In line with the rest of Spain, the property market in Castellón now appears to be cooling down. On a national level, annual property prices inflation has fallen from a high of 18.5% in 2003 to 9% at the end of 2006. In Castellon, price increases have slowed from 18.5% in 2005 to just under 8% in 2006.
But the official figures have to be taken with a pinch of salt. The reality is that local property markets in many coastal areas are not as healthy as the official figures suggest. Property professional working on the Costa del Sol and the Costa Blanca report that prices for many types of property are stagnant or falling, in response to lower foreign demand, and an increase in the supply of new properties.
On the Costa del Azahar, however, the property market faces the ‘post-boom’ future in a stronger position. There is no doubt that the market is cooling down, as it needs to after 10 years of growth, but prices are still firm. The robust local economy is still creating demand for housing, and the number of foreign buyers coming to the region looks set to increase, rather than decrease.
“Property prices are still rising, though not as much as before,” explains Jose Luis de Miguel, MD of Valencian developers Onofre Miguel, and President of Urbe Desarrollo – one of the largest property fairs in Europe. “Moderate price increases are good news, because they encourage buyers, but don’t encourage speculation.”
Off-plan speculators who distorted demand are one of the reasons why places like the Costa del Sol are struggling today. Up to 50% of more of sales in areas popular with British buyers during 2003 and 2004 involved foreign investors buying one or more properties off-plan to sell on before completion. This caused developers to overestimate demand, and over build in many areas.
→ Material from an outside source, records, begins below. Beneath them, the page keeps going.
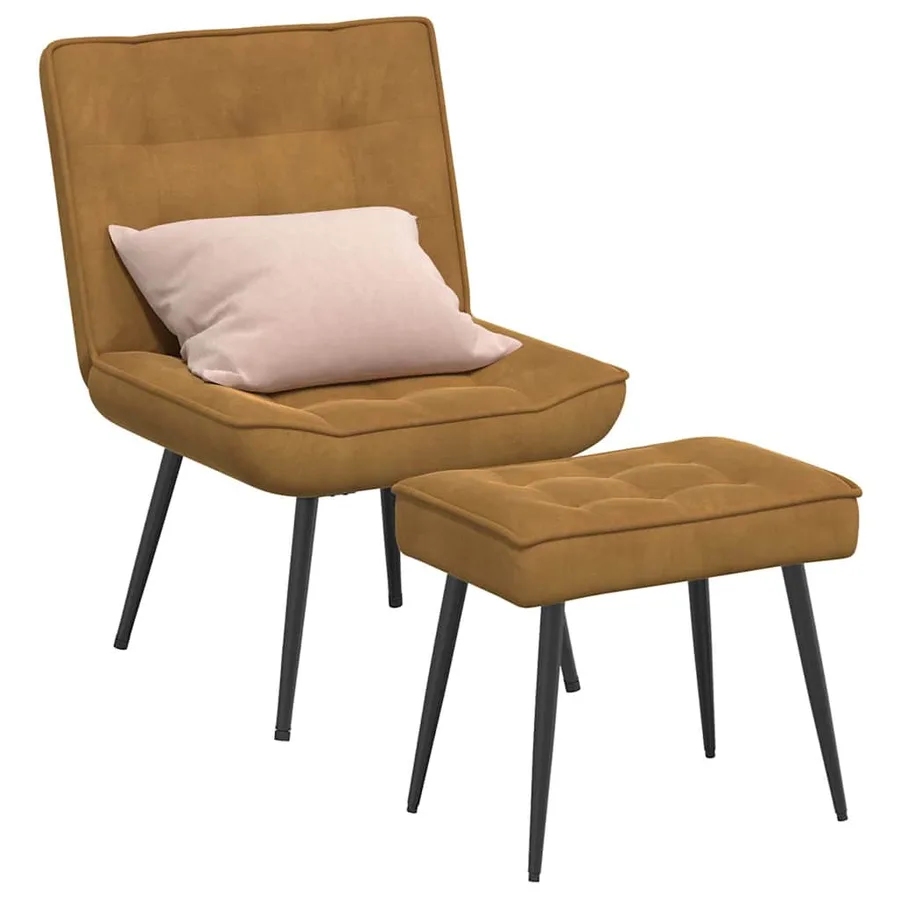 Chaise de relaxation avec tabouret Marron Velours - 3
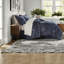 Ensembles de literie pour très grand lit de qualité supérieure en jacquard de polyester bleu marine Modern Home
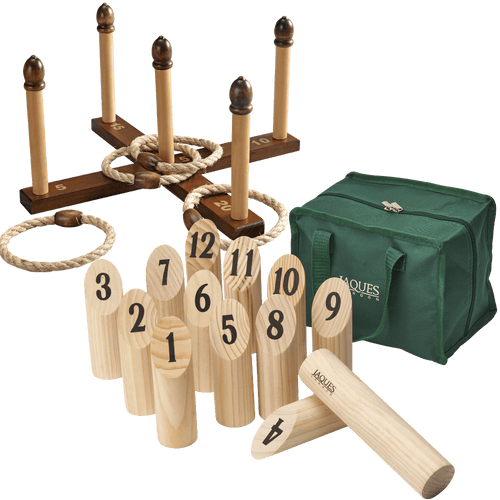 Wooden ring toss game set with numbered wooden pegs and a carrying bag on a white background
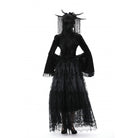 Darkinlove Damen Gothic-Hemd mit ausgestellten Ärmeln, Spitze und Spleiß-Samt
This has not happened to the same extent in Castellón.
“The amount of new construction in this area is relatively modest,” says de Miguel. “The countryside on the coast, with the hills coming down to the sea, also discourages too much building back from the coast.”
According to Spain’s professional association of architects, there has been a total of 88,420 planning approvals in Castellon over the last 5 years, compared to 224,500 in the province of Alicante, and 228,000 in Malaga province. Driving along the coast to the north of the city of Castellon there are still long stretches of the coast that have not been developed. There are also pockets of misguided development that are clearly visible, but they are relatively modest compared to the norm in coastal areas further south.
There are plans afoot to increase the number of golf developments in the area, but with the market now cooling down it is unlikely that all the planned developments will begin at the same time, and risk flooding the market, as has happened in Murcia.
On the demand side, a new international airport under construction at Vilanova d’Alcolea, in the heart of the Costa del Azahar, is expected to give demand a major boost.
With a strong local economy, and the region opening up to house hunters from abroad, the future for the Costa Azahar’s property market looks comparatively attractive, for as long as Spain’s real estate boom lasts. If the boom ends in a crash, this region will not escape the pain.